Burden of Proof in Employee Dismissal
Burden of proof in dismissal cases lies with the employer. This means that if an employee is dismissed from service, the employer has to prove that such dismissal is valid.
An employee is entitled to security of tenure. Article 294 of the Labor Code provides, that:
“ART. 294. Security of tenure.—In cases of regular employment, the employer shall not terminate the services of an employee except for a just cause or when authorized by this Title. An employee who is unjustly dismissed from work shall be entitled to reinstatement without loss of seniority rights and other privileges and to his full backwages, inclusive of allowances, and to his other benefits or their monetary equivalent computed from the time his compensation was withheld from him up to the time of his actual reinstatement.”
By way of exception, the employer may terminate the employment of an employee for just cause or authorized cause. The burden of proving the validity of dismissal lies with the employer as set forth under Art. 292 (b) of the Labor Code. Thus:
“Article 292. Miscellaneous Provisions.-
Xxx
The burden of proving that the termination was for a valid or authorized cause shall rest on the employer.”

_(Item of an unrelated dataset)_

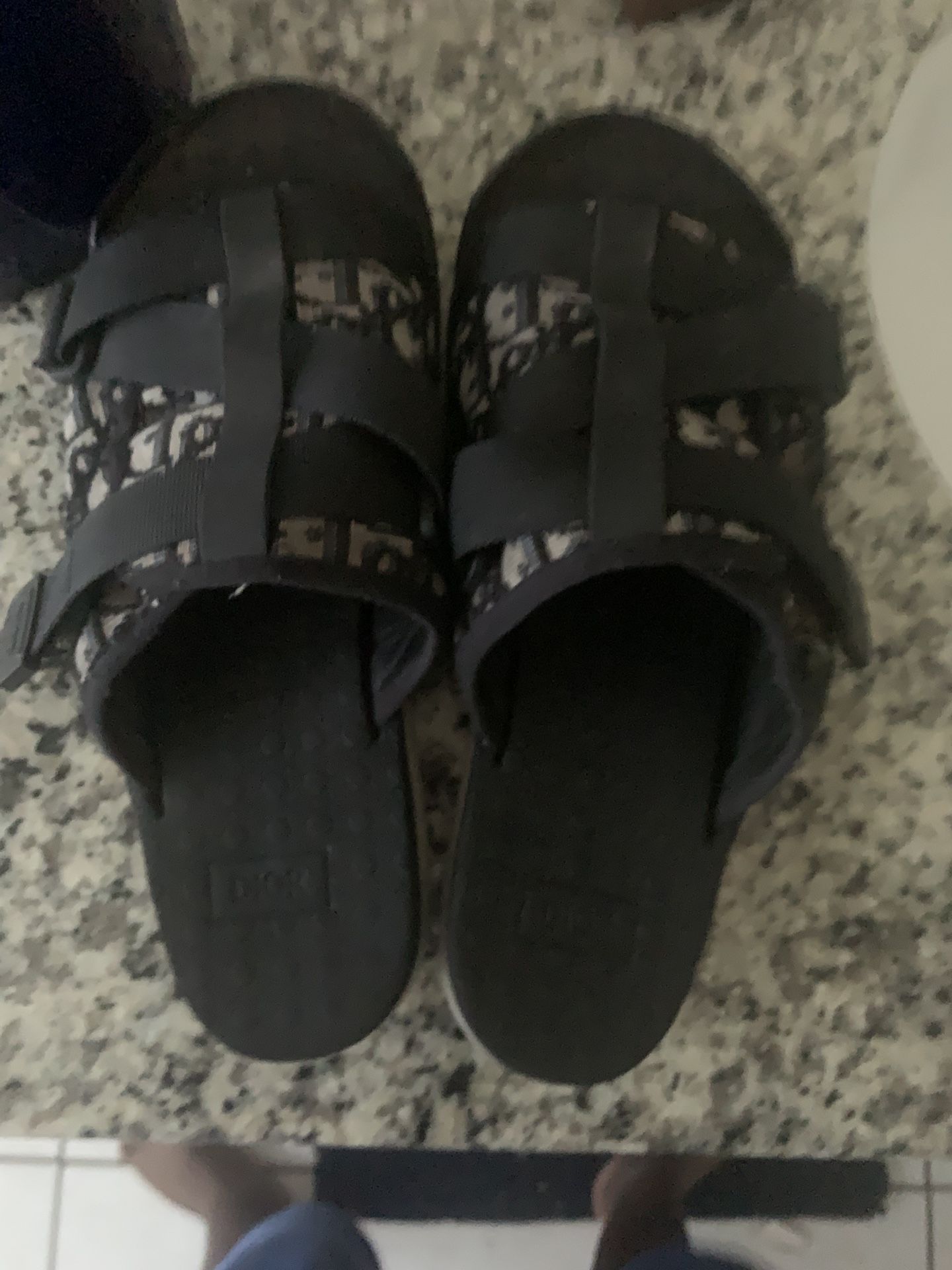 Christian dior slides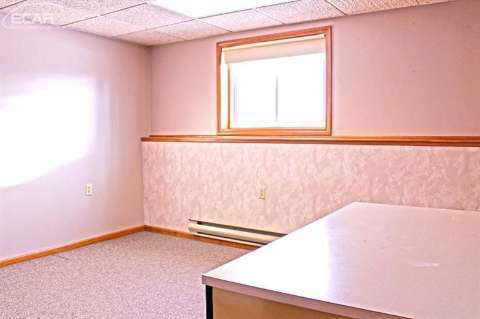 9136 Noblet Road Davison, MI 48423 - Photo 9 of 27 20428040-8.JPG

Learn how to Validly Terminate Employee in the Philippines with this Tutorial Video of Atty. Elvin
The employer has to present substantial evidence to prove that ground for dismissal. The Court can always inquire on the decision of the employer to terminate.
In Caltex Refinery Employees Association vs. NLRC [316 Phil. 335, 343-344 (1995).] and in the subsequent case of Gutierrez vs. Singer Sewing Machine Company [458 Phil. 401, 413 (2003).], it was held that even when there exist some rules agreed upon between the employer and employee on the subject of dismissal, the same cannot preclude the State from inquiring on whether their rigid application would work too harshly on the employee.
In the case of Cavite Apparel, Inc. vs. Marquez [G.R. No. 172044, February 06, 2013.], the Supreme Court (SC) had the occasion to rule against the disproportionate or harsh imposition of penalty, to wit:
“This Court will not hesitate to disregard a penalty that is manifestly disproportionate to the infraction committed. Xxx”
While previous infractions may be used to support an employee’s dismissal from work in connection with a subsequent similar offense, we cautioned employers in an earlier case that although they enjoy a
wide latitude of discretion in the formulation of work-related policies, rules and regulations, their directives and the implementation of their policies must be fair and reasonable; at the very least, penalties must be commensurate to the offense involved and to the degree of the infraction.”